Directions for this task>
Return all the lines below exactly. Any picture among them is omitted.

Dataset excerpt>
════════

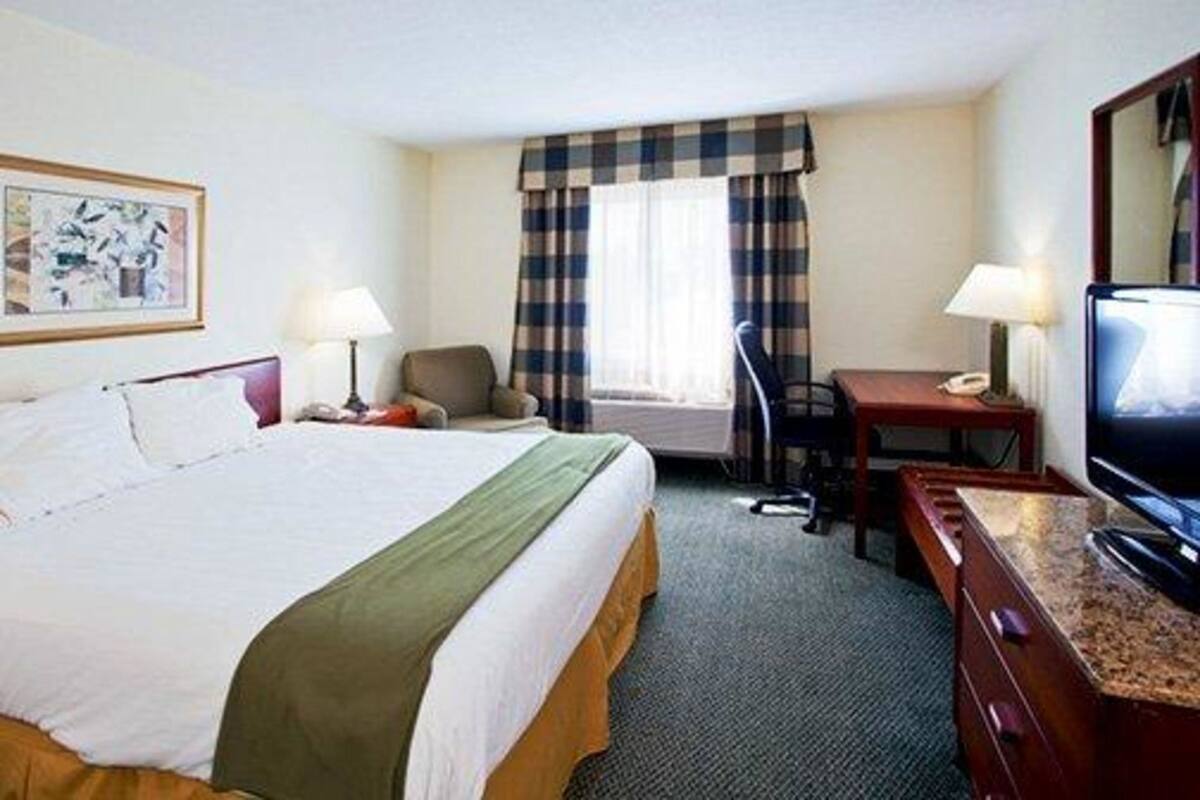Una habitación de hotel con cama, escritorio, silla, televisor y ventana con cortinas.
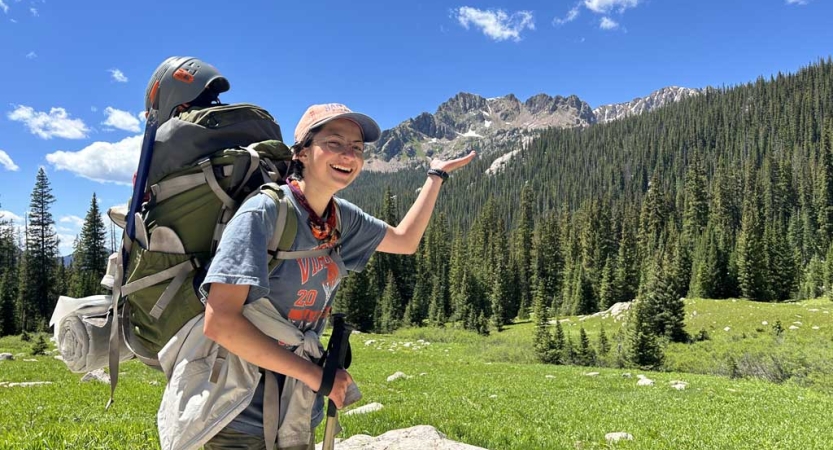 A person wearing a backpack stands in a green alpine meadow and pretends to hold the mountain behind them in the palm of their hand 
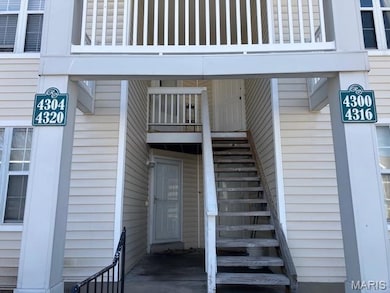 View of exterior stair entry to second floor Unit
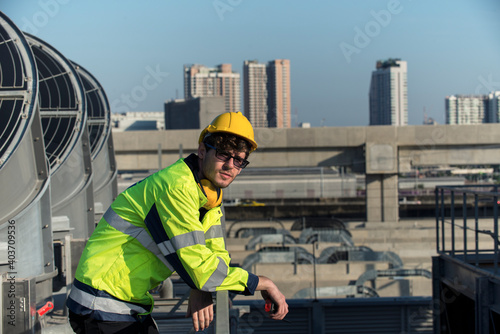 worker on cooling tower plant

════════

Your response>
Una habitación de hotel con cama, escritorio, silla, televisor y ventana con cortinas.
 A person wearing a backpack stands in a green alpine meadow and pretends to hold the mountain behind them in the palm of their hand 
 View of exterior stair entry to second floor Unit
 worker on cooling tower plant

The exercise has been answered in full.